TASK PROMPT
Exactly as written, output the lines below starting from the first and ending with the line that contains "Over the next"; omit pictures.

LISTED ENTRIES
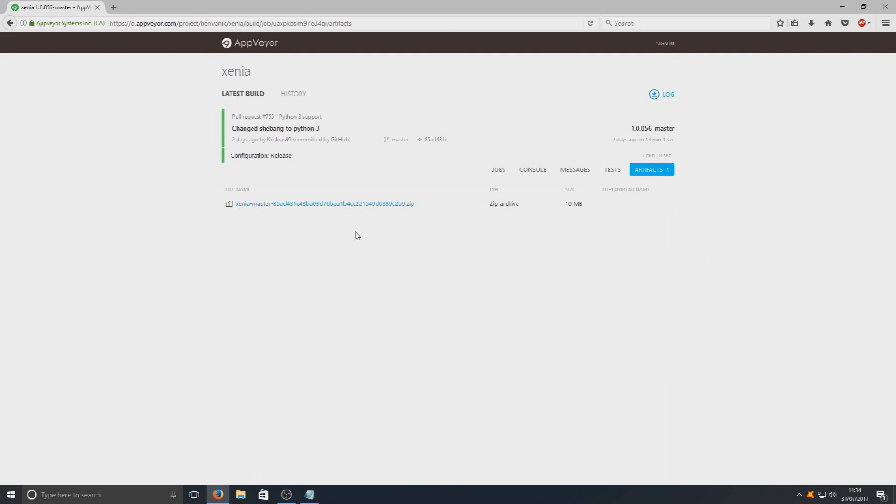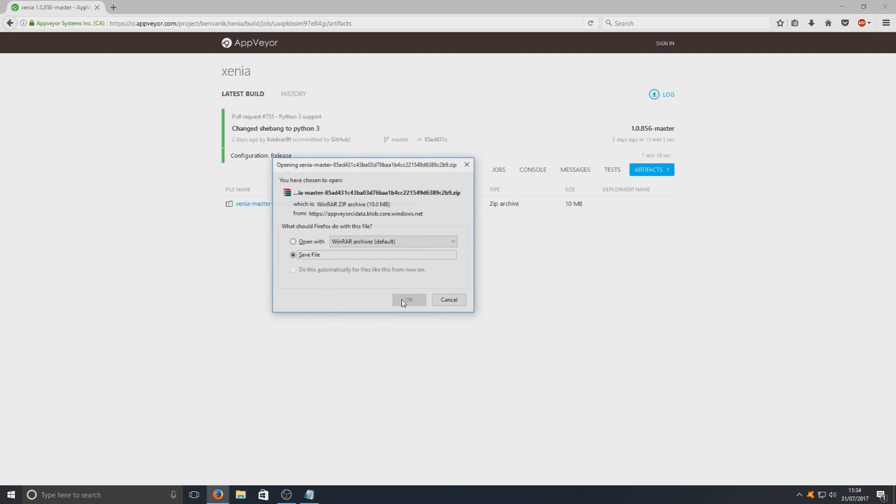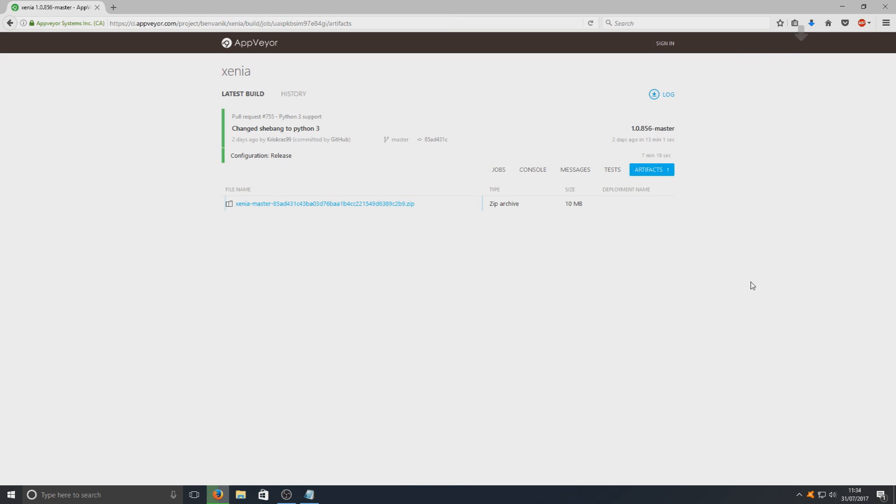Once you've clicked on here, as you can see we've got the zip file for the emulator. You just want to click on that and you want to go save file. And that's how you get the zip file, the download link for the emulator.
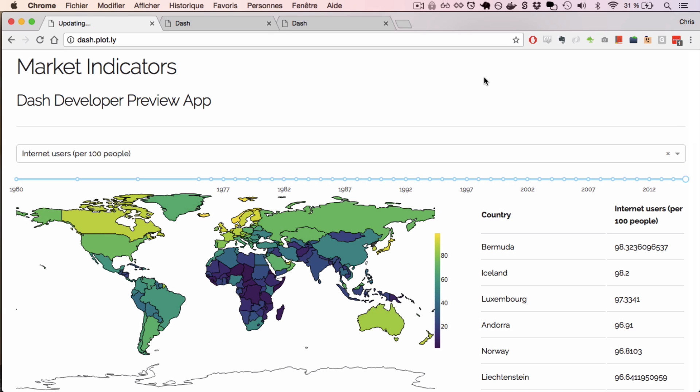Over the next few minutes, I want to introduce you to Dash, a web application framework written for Python and data science.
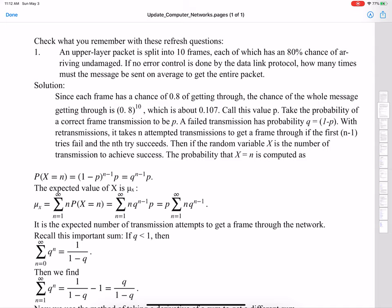We take the probability of a correct packet transmission to be P. A failed transmission has probability Q equal to 1 minus P. With retransmissions, if it takes N attempted transmissions to get a packet through, it means we had N minus 1 failed attempts with the Nth attempt being successful.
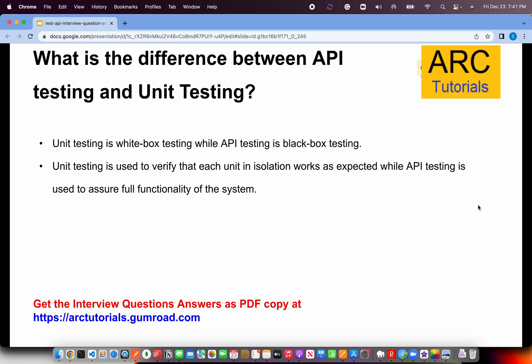Unit testing applies to both server side and client side. At the server side, we use Mocha, Jest, or other frameworks to write unit tests for Node.js, Express.js, or any other backend framework. But API testing will be done purely in tools like Postman or Katalon Studio, and the user does not need to know anything about the technical aspects of it.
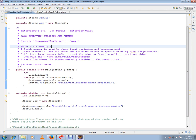Heap memory is used to store the new objects that are created, whereas stack memory is used to store the local variables and function calls. Each thread in Java has their own stack which can be specified using the xss JVM parameter.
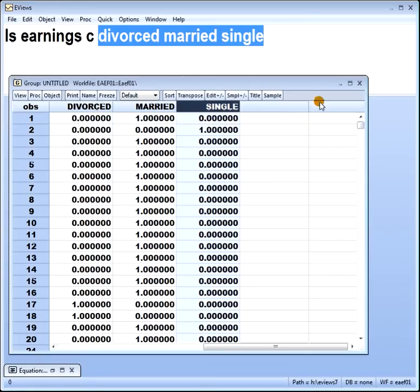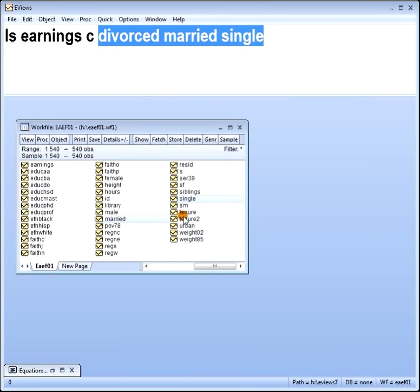I'm avoiding the matrix algebra here, but if you're interested, this involves the X'X inverse matrix — look it up. So that is: I've shown you how to read a dummy, how not to interpret a dummy, and how not to fall into a dummy variable trap.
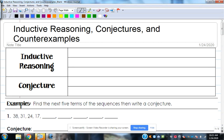Inductive reasoning, conjectures, and counter-examples is what the first lesson is going to be about. Inductive reasoning is a way of thinking about what's going to happen next. A conjecture is really just making a statement or hypothesis about what you think is going to happen next, or how you generate the next term. Does anybody know what a counter-example is?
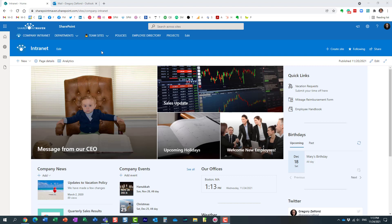Hello, this is Greg from SharePoint Maven. In today's video, I would like to show you how you can add your help desk information to the Microsoft 365 office bar.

EXPECTED ANSWER
Once you've clicked on here, as you can see we've got the zip file for the emulator. You just want to click on that and you want to go save file. And that's how you get the zip file, the download link for the emulator.
Over the next few minutes, I want to introduce you to Dash, a web application framework written for Python and data science.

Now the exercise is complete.